PROBLEM STATEMENT:
Please repeat the records beneath this task exactly as they appear, but skip the images.

___ DATA PROVIDED

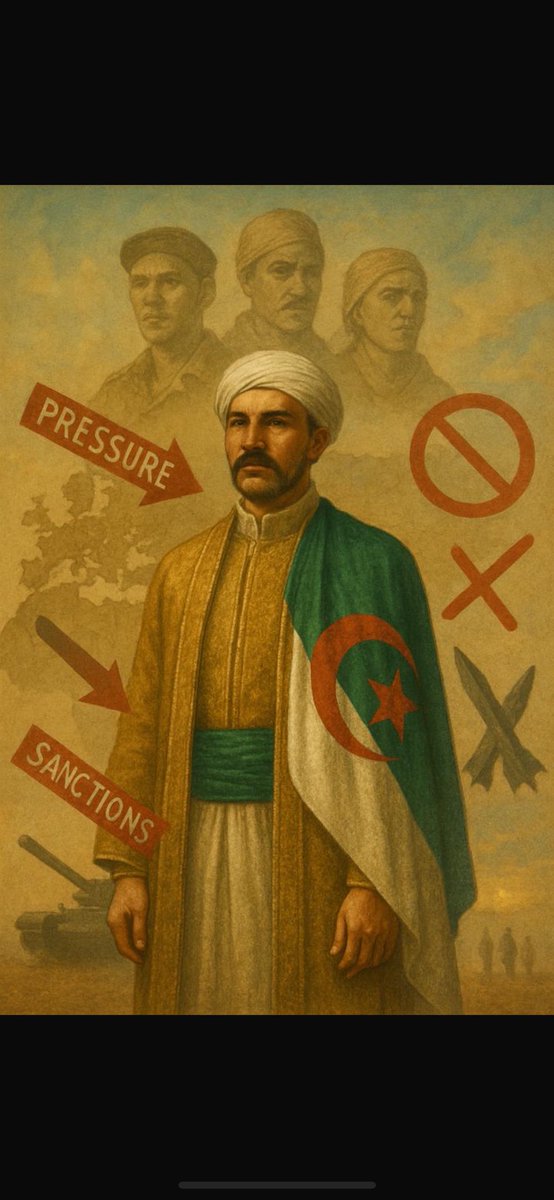 الأزمات التي تمرّ بها #الجزائر، لا سيما مع #فرنسا، أجدها دائما فرصةً من ذهب للاستثمار في الوعي الوطني الجمعيّ؛ فالصراخ الذي يصلنا من #باريس اليوم، ظاهرُه سياسي، وباطنه جيواستراتيجي، نتاج الألم من توقيع اتفاقيات استراتيجية مع #إيطاليا.

لا يجب الارتباك، ولا التردّد: فمسار إعادة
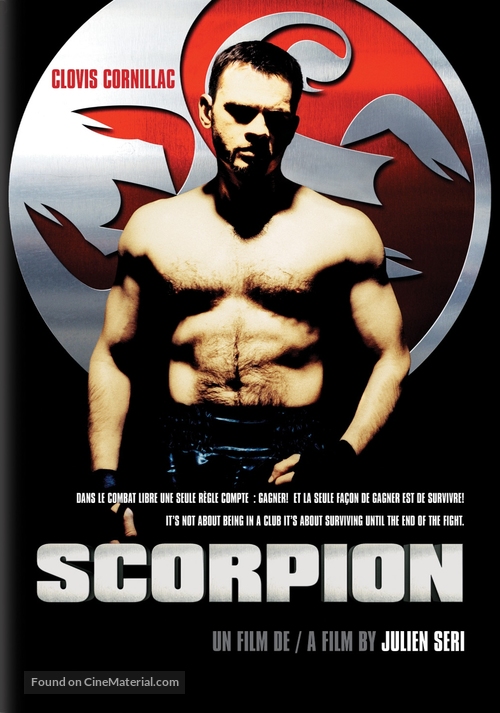 Scorpion - Movie Poster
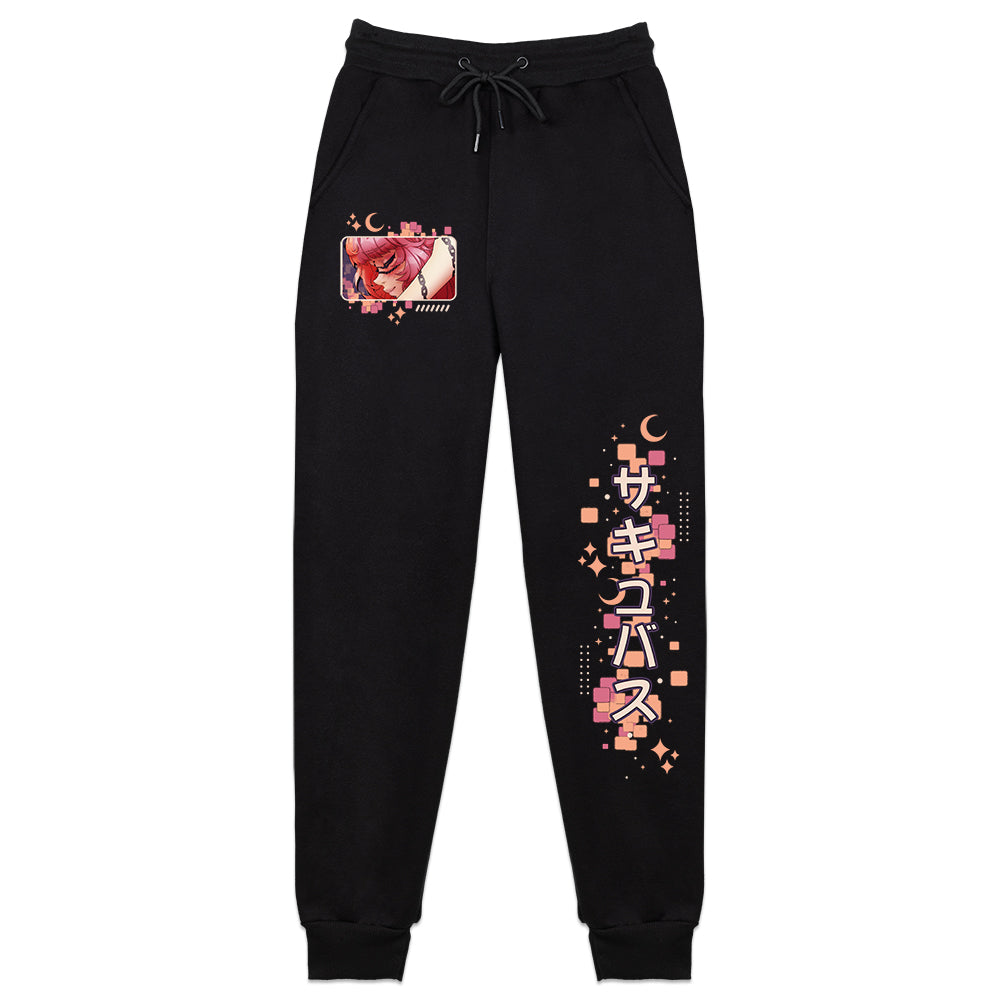 NicoKittenFox "Stretch" Sweatpants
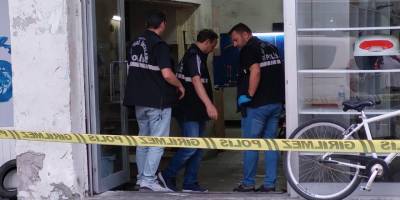 Samsun'da Bisikletci Dükkanına Silahlı Saldırı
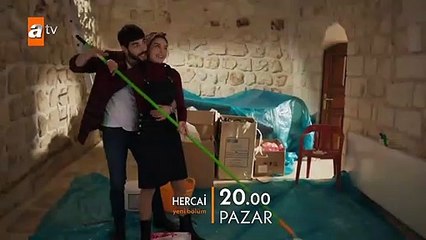 Hercai 56. Bölüm Fragmanı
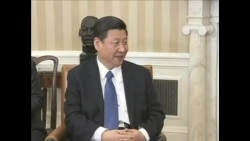 美中首脑将举行两天非正式会谈  美中首脑将举行两天非正式会谈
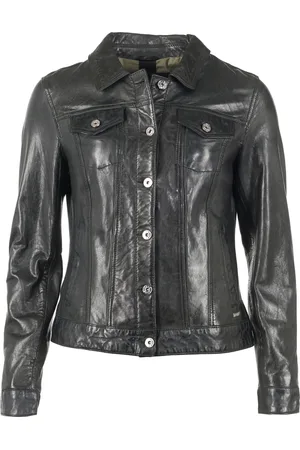 Maze Lederjacke »Lederjacke Cardrona«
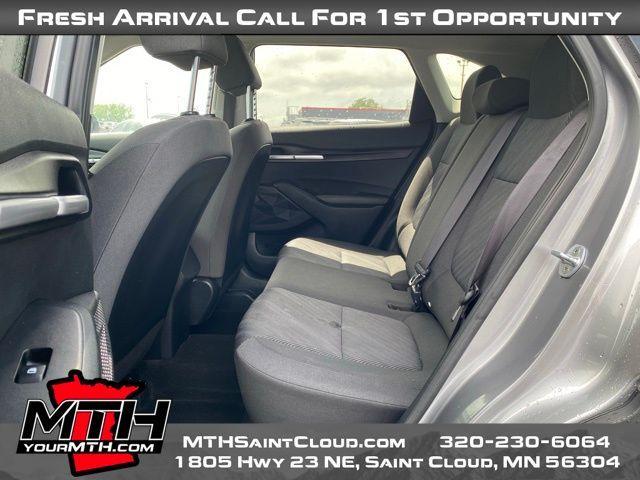 used 2021 Kia Seltos car, priced at $15,999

______

WRITTEN RESPONSE:
 الأزمات التي تمرّ بها #الجزائر، لا سيما مع #فرنسا، أجدها دائما فرصةً من ذهب للاستثمار في الوعي الوطني الجمعيّ؛ فالصراخ الذي يصلنا من #باريس اليوم، ظاهرُه سياسي، وباطنه جيواستراتيجي، نتاج الألم من توقيع اتفاقيات استراتيجية مع #إيطاليا.

لا يجب الارتباك، ولا التردّد: فمسار إعادة
 Scorpion - Movie Poster
 NicoKittenFox "Stretch" Sweatpants
 Samsun'da Bisikletci Dükkanına Silahlı Saldırı
 Hercai 56. Bölüm Fragmanı
 美中首脑将举行两天非正式会谈  美中首脑将举行两天非正式会谈
 Maze Lederjacke »Lederjacke Cardrona«
 used 2021 Kia Seltos car, priced at $15,999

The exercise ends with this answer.